Integrated System Training Programmes
Establishing and Implementing Integrated Management System (IMS)
Integrated Management System (IMS) Internal Auditing
What are the main features of an Integrated Management System?
An Integrated Management System (IMS) is where an organization uses one single management system to manage multiple aspects of organizational performance.
The IMS has the following characteristics:
The scope of the system covers the totality of the organisation’s processes and systems which embraces quality, environment, occupational health & safety, security, human resource, finance, marketing, public relation etc. (The scope should be in line with the relevant organisation’s values, operations and objectives.)
Active management commitment and involvement in the overall business strategy and plan with unified support and responsibilities from all levels.
Internal audits are conducted for the whole business process and not individually for each of the management standards
It is formally defined in a harmonised and consistent style which is appropriate to its intended purpose, therefore avoiding conflicts between different priorities
Replication of documentation is reduced to achieve effectiveness and efficiency, therefore optimising the organization’s resources towards performance rather than wasting time on redundant instructions and paperwork
It addresses all relevant stakeholder requirements defined via standards, legislation or other defined requirements, therefore delivering value to all stakeholders
An integrated risk-based thinking approach in overall business and operation planning.
What are the key steps to ensure effective design and implementation of an Integrated Management System(IMS)?
What are the key steps to ensure effective design and implementation of an Integrated Management System (IMS)?
Defining the context (Internal and External Issues) that can affect the organisation.
Understand the requirements and needs of interested parties.
Analyse Risk and Opportunities in relation to the context.

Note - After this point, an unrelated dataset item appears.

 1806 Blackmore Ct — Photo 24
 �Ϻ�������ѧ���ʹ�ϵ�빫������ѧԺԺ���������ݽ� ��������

Define the Business Model and Primary Functions or Business Processes.
Formulate operational controls which will govern the processes and their inter-linkages.
Identify optimum documentation needs by linkage to the relevant controls.
What are the common areas that could be integrated?
An organisation can integrate the following requirements commonly found in management systems (as requested by Annex SL):
Context determination (Internal & External Issues, Needs and Expectations of Interested Parties),
In so doing, the organisation can significantly reduce the amount of documentation (with the combined and simplified documentation).
What are the main elements of an effective integrated management system?
Risk-Based Thinking / Risk Assessment
To address customer perceptions, process failure, environmental concerns (aspects & impacts), health & safety hazards and security related risk etc.
The use of a common approach will make it easier to identify and manage possible risks occurring in different parts of the business. A change instigated in one area may bring about risks or opportunities in other areas.
Norms & Regulations Management
To capture norms and regulations with respect to product specifications, environment and health & safety and their impacts on the business.
Continual Improvement Management
To focus on macro improvement programmes throughout the organization that will contribute to perceivable performance.
Management & Stakeholders Awareness
To address needs of all interested parties such as customers, staff and general public. The organization can focus on what really matters.